A quoi je rétorquerai, avec l’aplomb qui me caractérise (sans parler de ma mauvaise foi proverbiale), que personnellement, je ne trouve pas les teenage movies actuels beaucoup plus évolués, entre les histoires de tartes (au poil) américaines qui parlent de débiles mentaux fourrant leurs vermicelles à peine pubères dans des pâtisseries industrielles, les grimaces pathétiques de Paris Hilton dans quelques films d’horreur du niveau d’un Merci Bernard à la sauce texane, et les comédies hautement intellectuelles aux titres aussi recherchés que "Eh mec, elle est où ma caisse?", "T’es super grave", "40 ans et toujours puceau" ou encore "10 bonnes raisons de te larguer" (à côté, les bidasseries franchouillardes comme "Arrête de ramer, t’es sur le sable" ont l’air de films d’auteurs germano-danois inspirés par Ingmar Bergmann).

Mais passons, veux-tu.

Comme je le disais au début de ce billet, à chaque époque son adolescence boutonneuse, et à chaque ado boutonneux ses souvenirs.

Permets-moi donc d’évoquer brièvement les miens, qui sont remontés à la surface tels des étrons mollement propulsés vers le haut par une canalisation défaillante (quelque chose me chifonne, au sujet de cette métaphore, mais du diable si je parviens à définir ce qui me met mal à l’aise…) depuis que j’ai incidemment appris la mort de John Hugues.

John Hugues, ami lecteur, n’était peut-être qu’un obscur réalisateur et scénariste yankee élevé au boeuf aux hormones et aux céréales transgéniques, mais n’oublie pas qu’il a lancé les carrières de Sean Penn, Steve Carell, Macaulay Culkin, Matthew Broderick, Jon Cryer, Charlie Sheen, Molly Ringwald, John Cusack, Emilio Estevez, Andrew McCarthy, Anthony Michael Hall ou Ally Sheedy (comment ça, ces noms ne te disent rien? Mais t’as quel âge, bon sang?)

John Hugues, c’est La folle journée de Ferris Bueller, Pretty in pink, Breakfast Club, She’s having a baby...

Des films que ma nièce qualifierait sans aucun doute de "trucs mous du gland et totally dépassés, tu vois, genre?", puisque ma nièce ne conçoit pas un teen movie sans joyeuse partouze sur un campus, ni murge collective et conviviale se terminant par une régurgitation générale (si possible sur les mocassins impeccablement cirés d’un prof d’histoire totally dépassé).

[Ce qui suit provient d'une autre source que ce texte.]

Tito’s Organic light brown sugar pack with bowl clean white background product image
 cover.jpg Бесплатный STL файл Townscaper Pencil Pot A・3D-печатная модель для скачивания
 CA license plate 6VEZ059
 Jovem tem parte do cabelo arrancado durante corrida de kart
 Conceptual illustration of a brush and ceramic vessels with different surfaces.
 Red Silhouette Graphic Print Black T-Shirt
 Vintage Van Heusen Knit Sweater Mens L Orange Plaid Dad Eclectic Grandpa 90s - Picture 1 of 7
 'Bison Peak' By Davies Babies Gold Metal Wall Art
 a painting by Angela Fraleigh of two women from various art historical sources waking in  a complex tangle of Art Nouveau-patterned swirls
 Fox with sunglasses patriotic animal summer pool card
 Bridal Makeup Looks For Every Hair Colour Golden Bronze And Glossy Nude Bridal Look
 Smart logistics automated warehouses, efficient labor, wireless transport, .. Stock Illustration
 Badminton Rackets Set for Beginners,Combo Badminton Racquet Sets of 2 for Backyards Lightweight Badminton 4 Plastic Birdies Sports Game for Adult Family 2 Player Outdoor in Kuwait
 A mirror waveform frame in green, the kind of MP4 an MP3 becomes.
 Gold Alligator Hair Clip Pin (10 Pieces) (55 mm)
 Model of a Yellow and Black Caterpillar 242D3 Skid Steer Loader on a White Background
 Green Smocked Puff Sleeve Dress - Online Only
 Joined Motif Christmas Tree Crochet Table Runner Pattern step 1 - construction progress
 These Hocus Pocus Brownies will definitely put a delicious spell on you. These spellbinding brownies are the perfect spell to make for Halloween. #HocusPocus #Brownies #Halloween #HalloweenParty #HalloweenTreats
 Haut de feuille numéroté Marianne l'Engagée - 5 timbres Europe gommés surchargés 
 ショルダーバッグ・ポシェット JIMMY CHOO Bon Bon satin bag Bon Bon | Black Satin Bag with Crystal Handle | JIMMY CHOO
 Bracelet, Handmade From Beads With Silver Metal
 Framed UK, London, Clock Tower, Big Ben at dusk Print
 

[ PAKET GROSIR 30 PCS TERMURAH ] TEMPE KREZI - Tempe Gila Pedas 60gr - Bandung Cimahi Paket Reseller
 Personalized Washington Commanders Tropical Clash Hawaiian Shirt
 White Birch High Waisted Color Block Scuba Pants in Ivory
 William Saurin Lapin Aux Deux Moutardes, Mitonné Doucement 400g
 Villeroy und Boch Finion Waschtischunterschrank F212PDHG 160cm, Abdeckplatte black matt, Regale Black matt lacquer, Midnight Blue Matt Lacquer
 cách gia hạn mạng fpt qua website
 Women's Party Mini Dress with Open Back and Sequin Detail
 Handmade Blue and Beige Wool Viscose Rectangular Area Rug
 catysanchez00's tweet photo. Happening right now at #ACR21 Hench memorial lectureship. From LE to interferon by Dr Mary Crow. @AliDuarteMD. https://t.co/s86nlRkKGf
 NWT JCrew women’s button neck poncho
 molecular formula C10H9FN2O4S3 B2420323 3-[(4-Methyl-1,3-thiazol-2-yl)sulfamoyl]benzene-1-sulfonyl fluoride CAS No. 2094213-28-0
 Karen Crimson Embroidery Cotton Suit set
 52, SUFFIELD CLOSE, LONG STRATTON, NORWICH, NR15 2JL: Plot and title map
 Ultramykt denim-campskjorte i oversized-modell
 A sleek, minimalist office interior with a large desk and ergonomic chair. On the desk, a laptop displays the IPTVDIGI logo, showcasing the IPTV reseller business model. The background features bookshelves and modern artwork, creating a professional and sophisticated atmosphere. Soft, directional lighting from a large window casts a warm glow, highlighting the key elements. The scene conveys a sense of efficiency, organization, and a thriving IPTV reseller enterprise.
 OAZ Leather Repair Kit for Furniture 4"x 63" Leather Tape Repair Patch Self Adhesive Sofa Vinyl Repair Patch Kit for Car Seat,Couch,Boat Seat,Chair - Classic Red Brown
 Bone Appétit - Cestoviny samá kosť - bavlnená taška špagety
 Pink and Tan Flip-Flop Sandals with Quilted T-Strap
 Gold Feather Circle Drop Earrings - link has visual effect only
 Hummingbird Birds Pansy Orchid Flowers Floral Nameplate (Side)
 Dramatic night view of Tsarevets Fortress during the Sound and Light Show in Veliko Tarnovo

- C’était quoi, Tatie, ce film pourrave que tu me parlais, genre?
- Dont tu me parlais, genre…
- Ouais, le film pourrave que dont tu me parlais, quoi!
- Ca s’appelait Breakfast Club, ça a influençé toute une génération et profondément modifié la pop culture des années suivantes.
- Y’avait d’la gerbe?
- Nan.
- Y’avait d’la bite?
- Nan.
- Y’avait du poil?
- Nan plus.
- C’est qu’est-ce que j’disais. Pourrave de chez pourrave.

(Soupir)

Tu t’en tamponnes le coquillard?
Tu as bien raison.

Quant à moi, étrangement, je ressens le genre de pincement au coeur qu’on se surprend à éprouver quand, à l’instar de Proust, on se met à tremper sa madeleine dans un verre de Banga en écoutant les Cure chanter "In between days"  tandis qu’Yves Mourousi présente le journal télé et qu’on attend avec impatience la fin du Tiercé de Léon Zitrone pour pouvoir (enfin) se vautrer devant un épisode de Zora la Rousse en se disant que les parents (ces gros nazes qui ne pigeront jamais rien à rien) dormiront à poings fermés cette nuit, quand on se glissera au salon pour mater discrètement la rediffusion de Hellraiser sur Canal Plus).